Can we collect real data about the performance of people and places and processes that can give us more insight into optimizing and evolving our designs for the way our business works? And that's what I call the Internet of Business Things. It's not the consumer-facing stuff; it's the business stuff.
Most of the data we think about from an enterprise perspective is sort of modular, it's transactional, it's a call center call or it's a web transaction or it's a sale or it's a quote or it's a piece of data about a product. But the Internet of Things will be creating streams of data.
So one of the analogies is how social media creates streams of data. So we've got tweets and we've got flows on our wall and such that are more streams of information. And so think about a sensor that might be on a door in a warehouse. Every time the door opens, the sensor records a door opening, a time of day, a day of the week.
Maybe it creates some other ambient information - it records the temperature in the facility or it records how long the door was open or whatever. So these are little bits of data that are happening every time the door is opened. And that door might be open a lot of times during an hour or a day or a week or a month, but it's creating these streams of data.
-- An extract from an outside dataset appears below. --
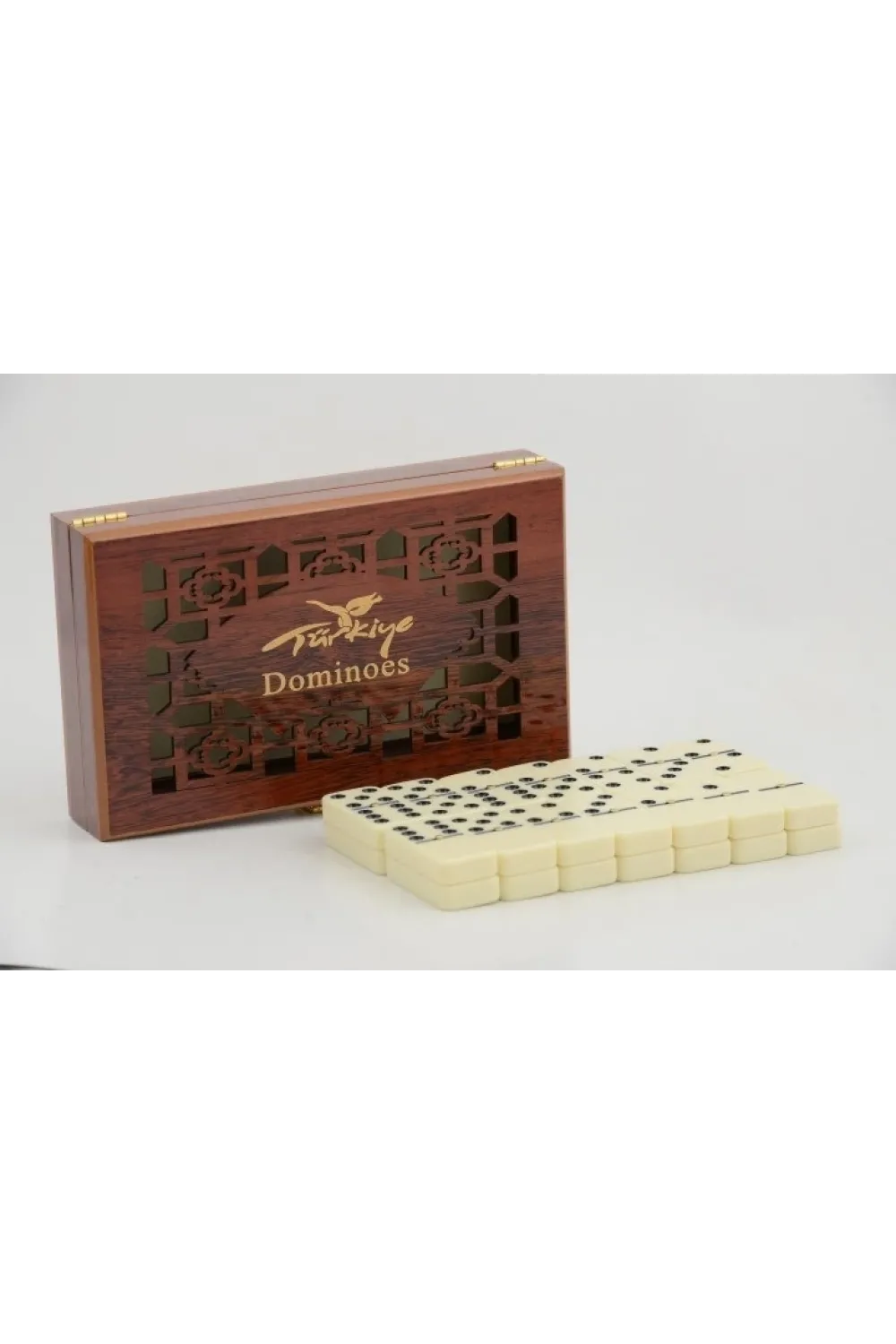 Ahşap Kutulu Melamin Domino IEG2268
And it's not like that one piece of data might be that interesting, but it's the trends and the patterns and things that we're looking for in the data that may be what we're looking for. So I want to know how often that room is used during the morning, the afternoon, certain days of the week, weeks of the month, months of the year, to help me be more efficient about the way I staff people in that office or the temperature or the cooling or the electricity that I feed to that part of my facility.
So that data that's created, these streams of data are sets of data that I may not already have a technology platform to process. I don't know how to process streams maybe. So now I have to think about a new architecture, a new way to process a stream of data, not just a stream but maybe I have a hundred facilities that I have these sensors in and they're creating these streams of data.
So now I've got a new challenge around data. One of the challenges starts to feed and link into the big data topic. So, as I'm collecting these individual sensor data points over hundreds or thousands or tens of thousands of sensors every minute or every second, I've now got these parallel streams of data I have to process.
And so it's unclear exactly how much data I would want to keep for how long, but it's certainly a new kind of data architecture, and for some companies will be a big data problem because there's going to be a lot of this data for large companies for a lot of sensors and a lot of facilities or a lot of products that they want to track or whatever it is that they want to get more insight into by putting tags or sensors on them.
So, to me, this is one of the sort of subsets, subdomains of big data around sensor data, streams of data that we're going to have to think about new architectures and new designs of and new technologies for capturing them, storing them, processing them, abrogating them, analyzing them, and so on.
So I think it's going to be a really interesting evolution to see how the big data technologies and technologies in general are emerging to deal with streams of sensor data.